Il s’agit d’une époque indéterminée où de certains princes inconnus régnaient à Mantoue, et s’en allaient chercher sur le bord des lacs suisses des épouses et des amantes. L’un d’eux, se promenant rêveur dans je ne sais quelle vallée, est écrasé par une avalanche. On n’en revient pas communément ; mais notre prince, recueilli et soigné par Mariana, doit la vie à cette jeune fille. Éprise d’amour pour celui qu’elle a sauvé, elle lui cache sa passion et se contente de suivre, silencieuse, l’homme qui lui a inspiré un sentiment indomptable et profond. Le duc, de retour, trouve sa place envahie par un frère, reprend sans coup férir sa petite couronne, reconnaît Mariana et l’épouse au moment même où le frère perfide a conçu pour elle une passion qui va bientôt se changer en fureur. Devenue duchesse, Mariana est exposée à toutes les embûches, à toutes les intrigues de Ferrardo : ainsi se nomme le mauvais frère. Pendant une absence du prince, Ferrardo déchaîne contre Mariana un de ses courtisans, misérable et vicieux, qui se charge, non de la séduire, mais de la compromettre. Heureusement ce dernier, humilié par l’homme dont il est l’instrument et contre lequel il nourrit un grand désir de vengeance, saisit l’occasion de le satisfaire, dénonce Ferrardo et sauve la duchesse. Toute cette absurde invention se déroule avec une sorte de mélancolie agréable qui ne manque pas de charme ; c’est une fiction brodée sur la soie et assez heureusement nuancée. Les traîtres parlent comme des romans ; le duc est une ode, et la paysanne suisse une élégie.

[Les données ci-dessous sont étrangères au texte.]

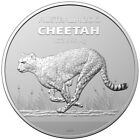 Cheetah Gepard Australia Zoo Silber Münze 1 oz Australien RAM 2021 Auflage 25000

Quand Sheridan Knowles peut faire valoir la nature spéciale de son talent, qui tient de l’idylle et du conte sentimental, il n’y manque pas, et le lecteur y gagne de jolis vers, à défaut de drame. Ainsi, Mariana, interrogée sur le progrès de son amour, répond par une tirade charmante :


« Comment votre passion s’est-elle développée ?

Mariana. — Comme moi-même, comme je grandissais, sans que je m’en aperçusse. Je le veillais malade, et je croyais qu’il allait mourir. Long-temps la mort et la vie se combattirent en lui ; on fut incertain long-temps. Il priait le ciel pour son salut, je priais avec lui. Ainsi nos deux ames se mêlèrent.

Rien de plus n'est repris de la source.